I attended TED on behalf my client, Dewar’s Scotch. The idea was to create cartoons that gave justice to the Dewar’s idea, “Some things are just worth doing”.
Which ties in with the TED idea, “Ideas worth spreading.”
Which ties in with one of the great themes in my work these days, “The Unification of Work and Love”.
I’m currently running with the thought that, an idea is not something you HAVE, an idea is something you DO.
i.e. Ideas are all very well, but without some sort of action to follow, they’re not much use. Ideas don’t exist in a vacuum.
Nobody reading this, including me, want to spend their whole life, sitting on their ass, thinking big thoughts but actually doing nothing.
2. You’ve heard of live-blogging, yes? Well, I was “live-tooning”. Drawing cartoons on the spot, trying to capture all the ideas that were flying at me at 200 mph. Over four days, I drew dozens of them. The cartoon above was one I did for Maajid Nawaz. He gave a great talk on how to fight extremism on a global level:
Why do transnational extremist organizations succeed where democratic movements have a harder time taking hold? Maajid Nawaz, a former Islamist extremist, asks for new grassroots stories and global social activism to spread democracy in the face of nationalism and xenophobia.
One of the points Maajid made was how movements require four elements in order to be viable: Ideas, narratives, symbols and leaders. So I ran with that. Click on the link and watch the video to hear more.
At the event, I gave Maajid a hand-drawn copy of the work above, poster-sized. He was a very gracious man, I thought.
[Maajid’s TED video…]
3. Then there were the “Conversation Pieces”.
While talking to the polar explorer, Ben Saunders, I had the idea to make a drawing WHILE talking to him. A real-time conversational doodle. as it were. A “Coversation Piece”, as it were. Above is a picture of him holding the final result.
It’s a question that never gets old: Here you are, surrounded by all these amazing people and ideas, now how do you use what you do (in my case, my cartoons) in order to interface with them? Meaningful interaction with other people– THAT’S what makes work interesting, NOT the money.
4. Ow. I’ve got a TED-ache.
A TED-ache is what they call it: When your brain is so stuffed with all the ideas and stimuation and conversation flying around for four days nonstop, your brain can no longer keep up with it, your brain kinda wants to explode.
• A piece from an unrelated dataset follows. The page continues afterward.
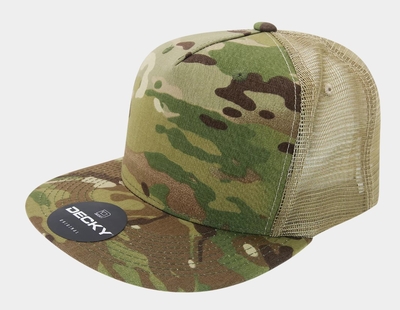 Wholesale Cobra Caps: 5-Panel Garment Washed Twill Front/Mesh Back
I came away with enough material to fill MONTHS of blogging, MONTHS of catooning. Like everybody else at TED, I’m feeling pretty overwhelmed yet supercharged.
It was an amazing experience: Hundreds of insanely bright and creative people, doing insanely interesting things. Quite a contrast to the usual mass-elevator-pitch that most conferences have become.
And now, somehow, I’ve got to do the event justice, both on behalf of myself and Dewars’. Like everybody else who attends, it’s not the event that matters, it’s what you take away and apply to your own life in a meaningful way that matters. I would be lying if I said I didn’t find it daunting.
I’ve said it before many times before on this blog: We are incredible beings living in incredible times, and as long as there is still one person alive on this planet who doesn’t believe this, then there’s still work to be done. TED re-affirmed this for me, in spades.
It’s four in the morning and I can’t sleep because of this. Thanks to TED for making this happen, thanks to Dewar’s for being such an awesome client.
5. This is only the beginning. You have my word. Rock on.
2. This is my message from TED Global: “ALL ART IS SMALL ART”. Big, important stuff is ALWAYS, ALWAYS, ALWAYS preceded by small moments of genius. Watch all the TED videos if you don’t believe me. All the world’s great human-caused tragedies (not to mention, all failed expensive marketing campaigns) were caused when the people in charge tried to bypass the small stuff and go straight for the big stuff. Five Year Plan, Comrade? Great Leap Forward, Comrade?
3. And this is also my message fro Dewar’s: “ALL ART IS SMALL ART”. All great marketing starts that way. And more importantly, stays that way.